NOAA Resilience Portal

This Web-based portal will provide access to a basic suite of data, information, tools, products, and services available from NOAA that are needed to help communities in pilot regions understand, evaluate, and enhance community resilience to natural hazards. (2007-2009)

Pacific Services Center Partner Support

The NOAA Pacific Services Center is committed to supporting NOAA National Ocean Service partners working in the Pacific. This assistance includes damage assessments and restoration support, including two natural resource damage assessment workshops in Guam and the Northern Mariana Islands. The Pacific Services Center also supports technical assistance needs related to contaminated sites, including cleanup evaluation and marine debris removal.
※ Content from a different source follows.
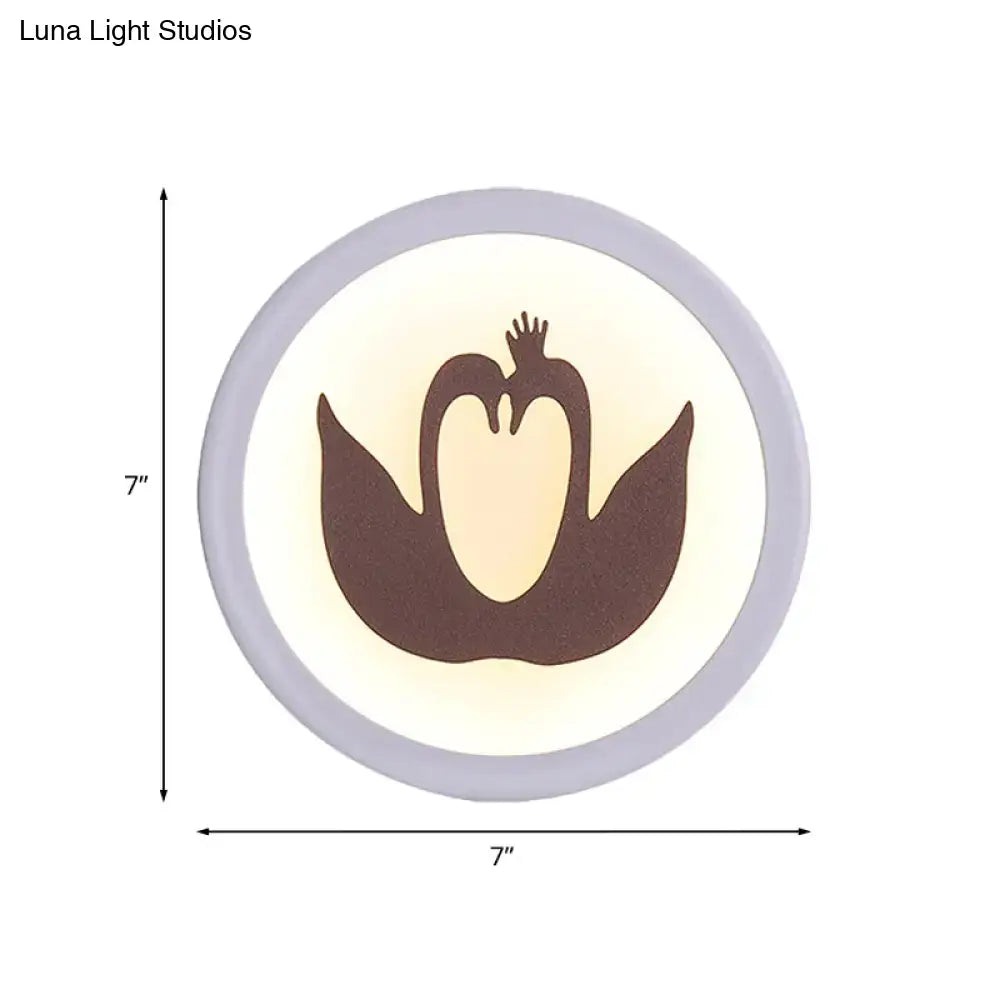 Minimalist brown and cream swan wall light 7 inch fixture with gray frame and warm glow for bedroom lighting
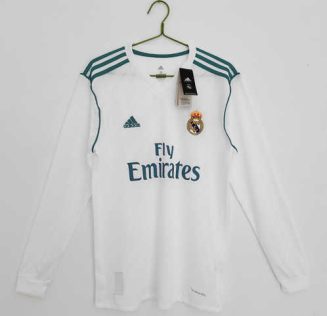 Real Madrid 2017/18 Thuis tenue Lange Mouwen Klassieke Retro Voetbalshirts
A typhoon protection strategy is also being discussed. (ongoing)

Pacific Islands Technical Assistance

The NOAA Pacific Services Center provides technical assistance to the coastal resource managers in the U.S. flag Pacific Islands. This assistance includes working with geospatial technologies, raising awareness of the availability of remotely sensed data sets, providing technical training, and directing efforts to create a unified geodetic network. In 2008, efforts include working with the National Geodetic Survey to make improvements to the National Spatial Reference System in the Pacific, introducing new land cover data and related tools, and providing geographic information system (GIS) training classes when needed. (ongoing)

NOAA Pacific Region Support

The NOAA Pacific Services Center (PSC) provides leadership to the Pacific Regional Team to support the NOAA Regional Collaboration efforts. Through the team lead, Bill Thomas, PSC will serve as a primary point of contact on regional team work, as well as liaison to the Pacific Region Executive Board (PREB). The plan for the regional team includes several projects that work across NOAA line offices with a presence in the Pacific to facilitate more collaborative product and service delivery. (ongoing)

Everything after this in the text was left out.